The morning of the first day provided the participants and the experts with a brief over view of a wind turbine project layout, infrastructure, development process, and operation from the industry perspective. Background on relevant bat studies and surveys in the U.S was also provided. Thereafter, the ten bat and migration expert s invited provided a brief overview of their relevant knowledge. This session allowed for discussion about the current state-of-the-art tool s and techniques used to better understand bat ecology and behavior and a report on relevant European studies.
The first of five facilitated discussions began on the afternoon of the first day addressing specific questions outlined in the agenda. The facilitator posed the focus questions and led the group in a discussion to explore and organize responses to the focus questions. All participants, including industry and agency observers, provided ideas and they were posted on storyboards. The ten invited bats experts then independently evaluated these ideas and expressed their individual views and preferences regarding which of these should be priorities. The experts made their thoughts known by placing a dot ( ♦ ) next to those ideas on the storyboard that were a priority to them. They acted individually, not in consensus, in placing the limited number of dots each was provided. These preferences, and all of the ideas, are reflected in the tables that follow in this report. The participants addressed the following questions:
- What are the problems associated with bats and wind turbines?
- What are the underlying and most critical causes of the problems with bats and wind turbines?
- What are the most significant knowledge gaps with understanding and addressing the underlying causes of the problems with bats and wind turbines?
- What is preventing an understanding of the problem?
- What does the group need to know to address the problem?
- What tools, technologies, and information gathering techniques (e.g., radar, thermal imaging, acoustic tracking) would be most helpful in developing a better understanding of bat-turbine interactions and quantifying the magnitude of the problem?

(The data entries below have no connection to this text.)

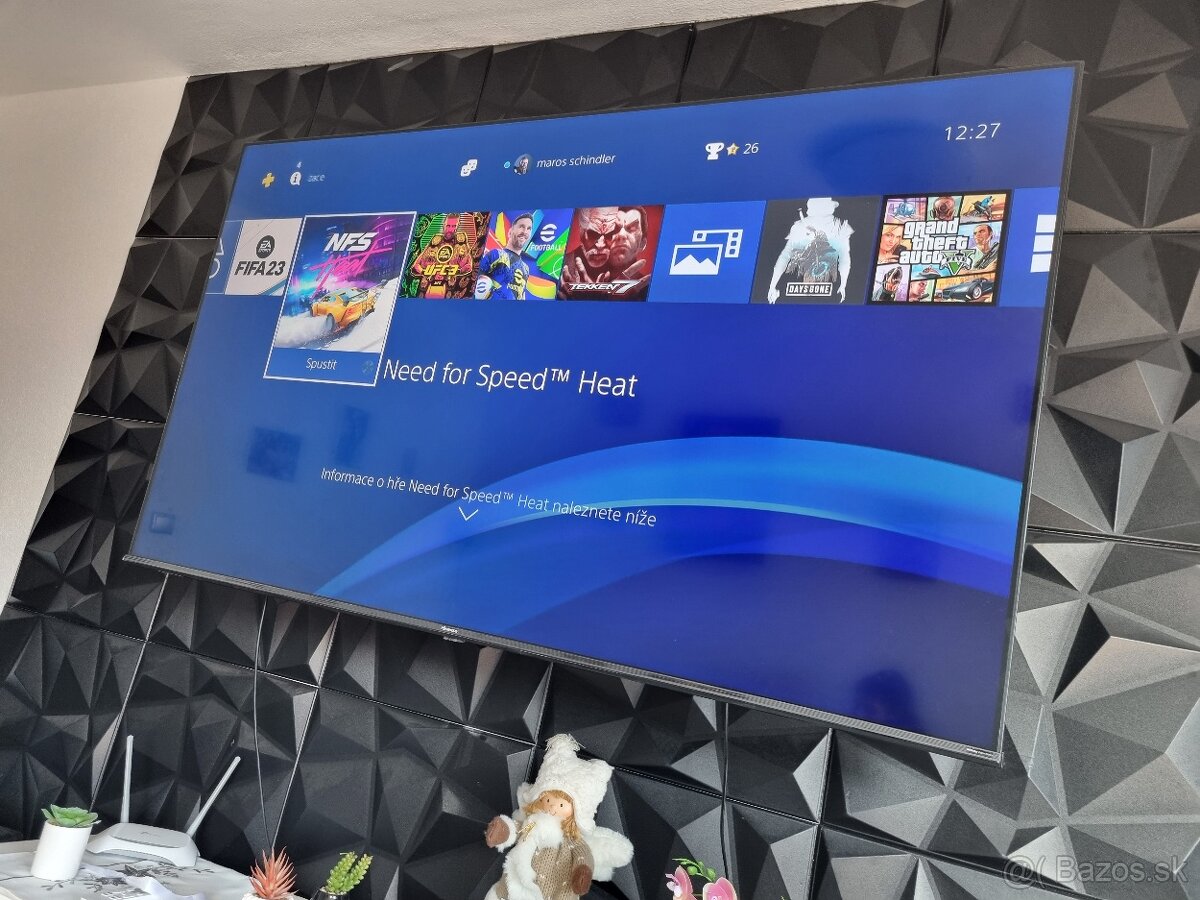 Predám PS4 slim 500 GB
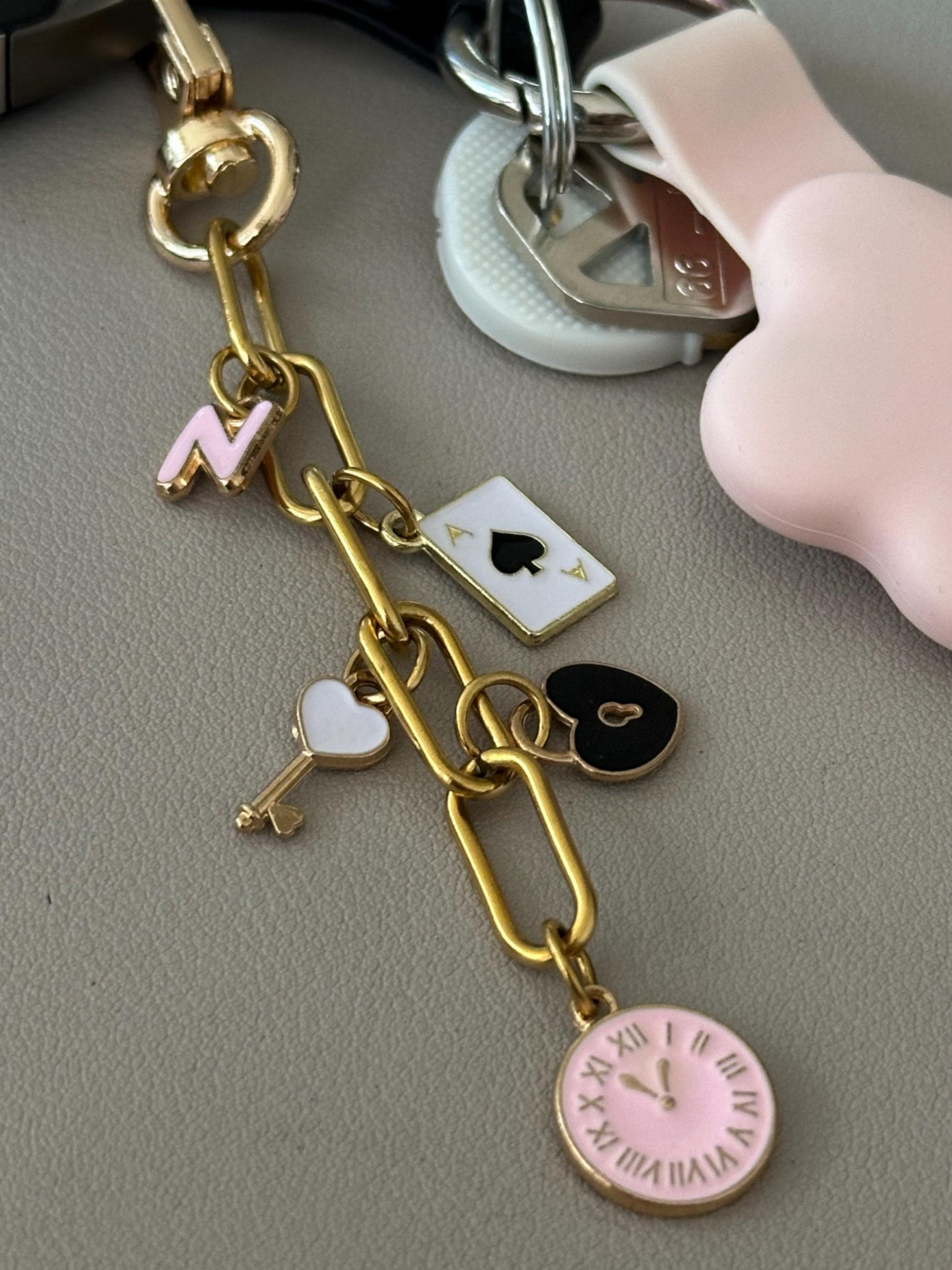 Personalized charm keychains, pendant keychains, bag charms, charm bag charms, personalized keychains, car keychains, wallet accessories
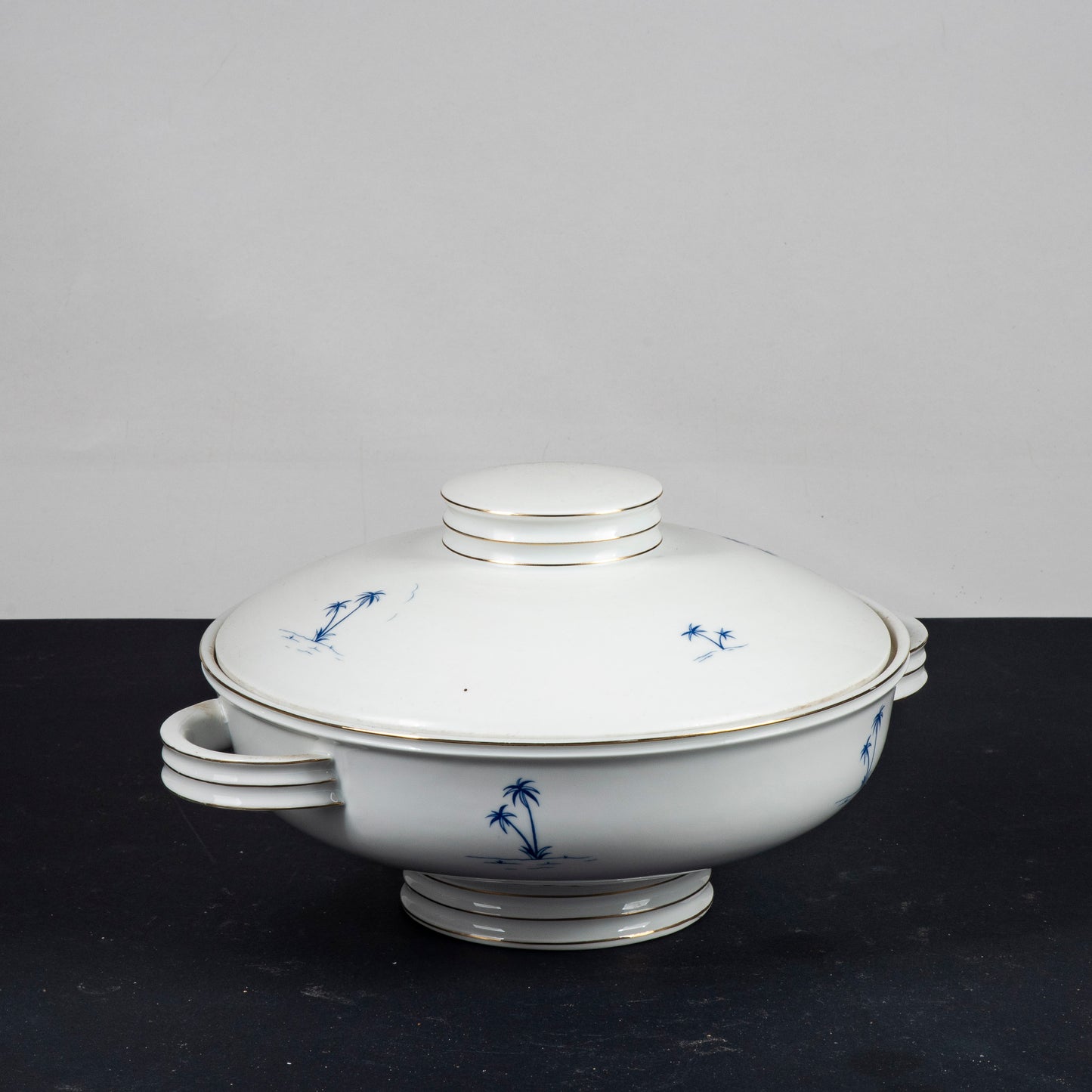 zuppiera verbano laveno ceramica con decori blu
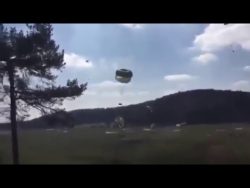 humvees im freien fall bei einer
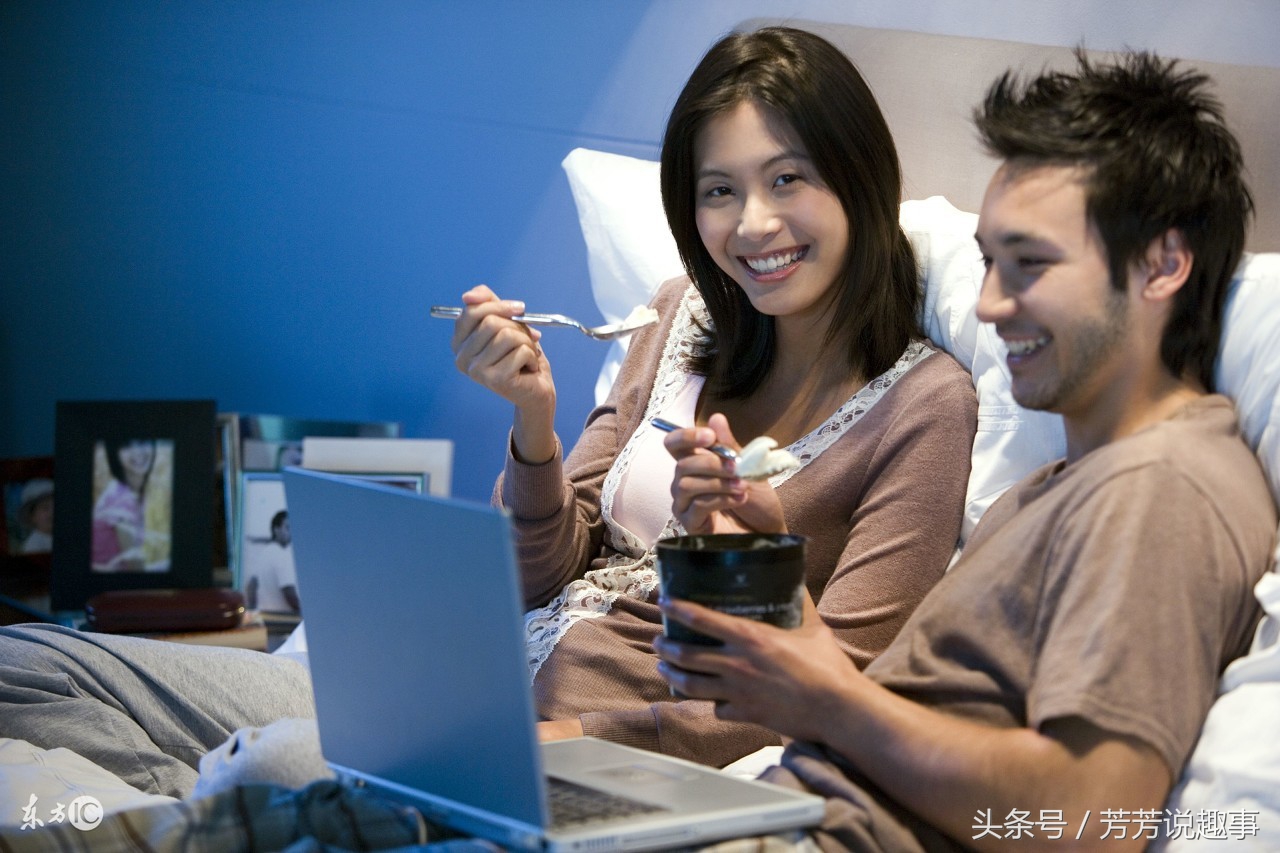 原创小说《我的性冷淡女友》第九章床上突然传来的震动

- What can be done to address the knowledge gaps and/or the problem?
- What actions do we need to take now to address the problems and near term priorities?
- What is the path forward?
At the end of the second day, the participants were divided into smaller groups of 3 or 4 and discussed the details of the priority actions. At this time, some of the priority suggestions were combined, if they were related. The experts led ten breakout groups and presented their findings to all the participants. This break out session focusing on near-term solutions addressed the following questions:
- What are the immediate next steps associated with implementing the top priority actions/solutions?
- What are the defined tasks, schedules and involved parties?
The summary session at the end of the work shop allowed the entire group to hear the results of each of the ten priority actions, engage in a discussion of the findings of the breakout groups, and provide concluding remarks. For a detailed list of the ten priority actions selected and discussed, see Table six.